WASHINGTON, D.C. – Despite stated public policy goals meant to help low-income and first-generation college students go to college, certain policies hurt the very students they were meant to help because of the way they are implemented.

That was one of the key points made Thursday at the New America Foundation during a panel discussion titled “Funding Public Higher Education Post-Stimulus.”

The criticism wasn’t an indictment of the Obama administration’s American Recovery and Reinvestment Act of 2009, which provided some $8.3 billion over three years to higher education institutions throughout the country.

Rather, the criticism was more directed at the flexibility the federal government granted to states under the Recovery Act that was used in ways that had side effects, which adversely impacted those who need help the most.

As a case in point, panelist Dr. Stephen Jordan, president of Metropolitan State College of Denver, told of how the state of Colorado—upon receiving Recovery Act funds—dropped down funding to institutions of higher learning to 2005-2006 levels as federally allowed without regard to enrollment levels at various institutions.

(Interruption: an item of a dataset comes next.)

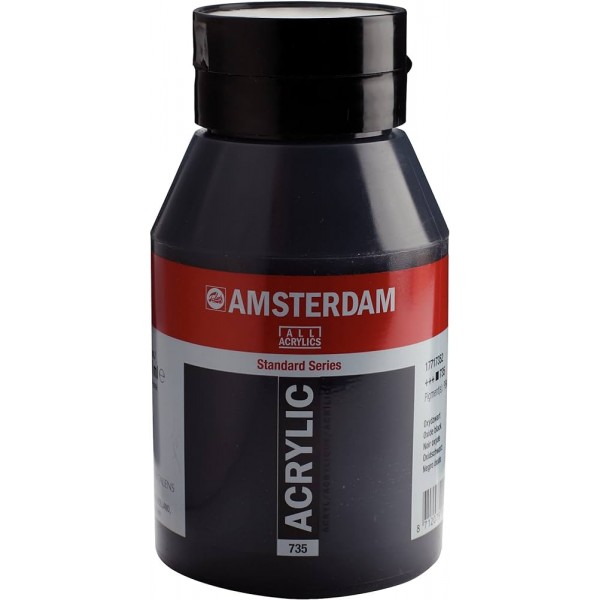 Akrila Krāsa Amsterdam  Oxide Black 735, oksīda melns, 500 ml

Jordan said that decision hurt institutions such as Metropolitan State College of Denver, which had higher levels of enrollment at the time, due almost, if not entirely, to greater enrollment among low-income students of color, while other institutions had lower enrollment and thus ended up with more money per student.

“The very institutions where we ought to be making investments to achieve our stated public goals, we’re actually disadvantaging them compared to research universities,” Jordan said.